BEGIN Records
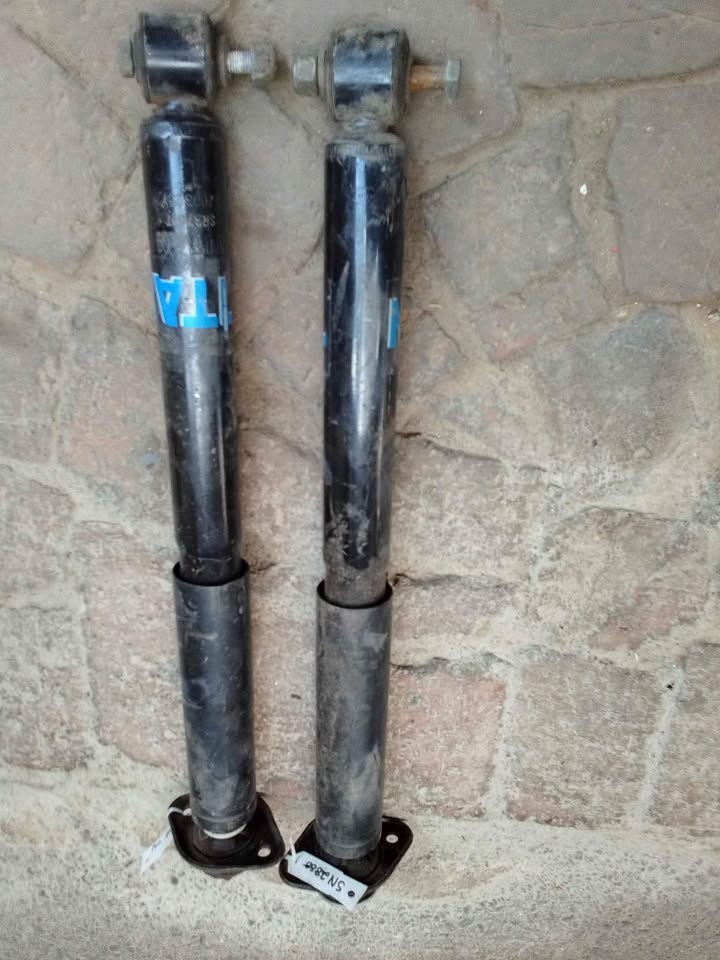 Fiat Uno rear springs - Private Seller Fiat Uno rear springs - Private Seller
END Records
BEGIN Records
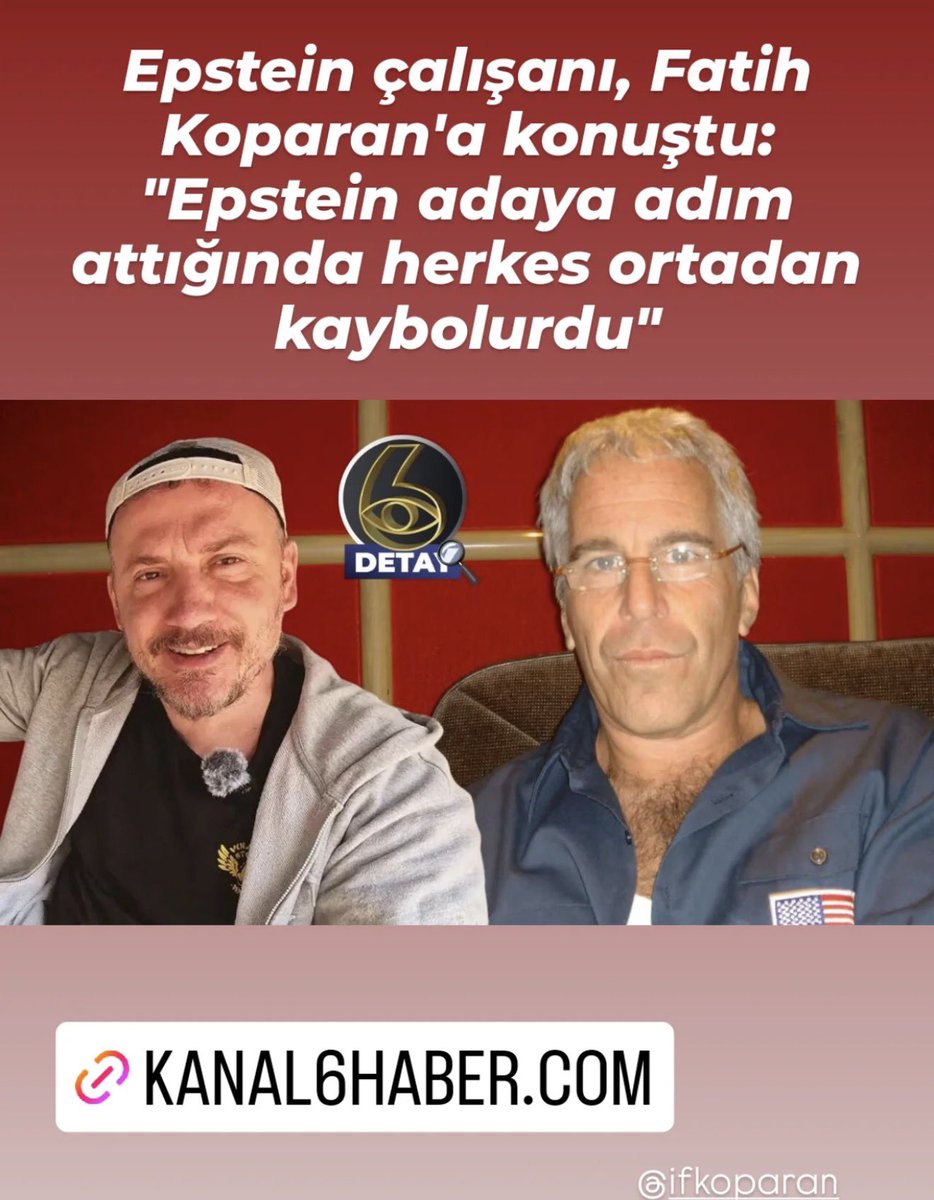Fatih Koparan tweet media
END Records
BEGIN Records
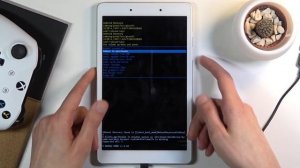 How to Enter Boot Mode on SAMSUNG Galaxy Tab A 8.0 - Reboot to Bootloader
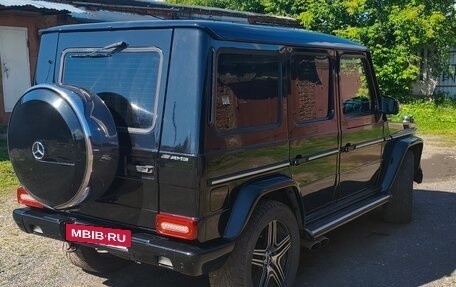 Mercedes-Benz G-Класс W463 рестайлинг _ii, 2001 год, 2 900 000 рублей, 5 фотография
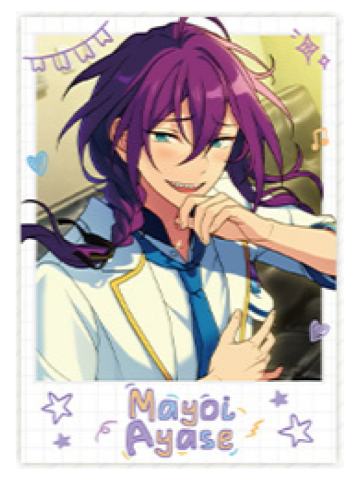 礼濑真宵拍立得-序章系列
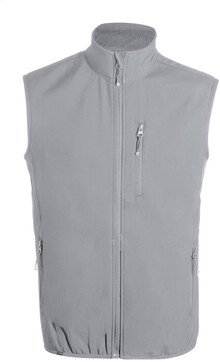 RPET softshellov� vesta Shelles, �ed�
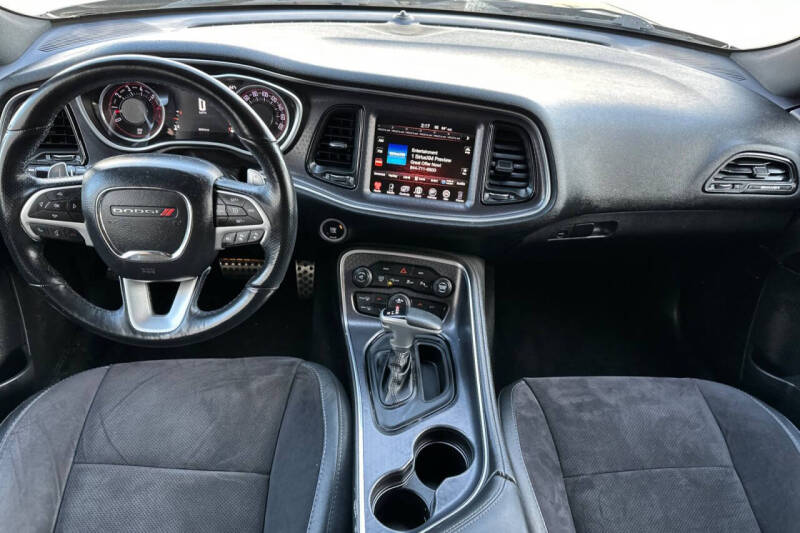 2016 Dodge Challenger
END Records
→ **What you will do**
Give back exactly the lines of the listing above from the one that contains "How to Enter" up to and including the one that contains "2016 Dodge Challenger", but not the pictures, and no other lines.

→ **Answer**
 How to Enter Boot Mode on SAMSUNG Galaxy Tab A 8.0 - Reboot to Bootloader
 Mercedes-Benz G-Класс W463 рестайлинг _ii, 2001 год, 2 900 000 рублей, 5 фотография
 礼濑真宵拍立得-序章系列
 RPET softshellov� vesta Shelles, �ed�
 2016 Dodge Challenger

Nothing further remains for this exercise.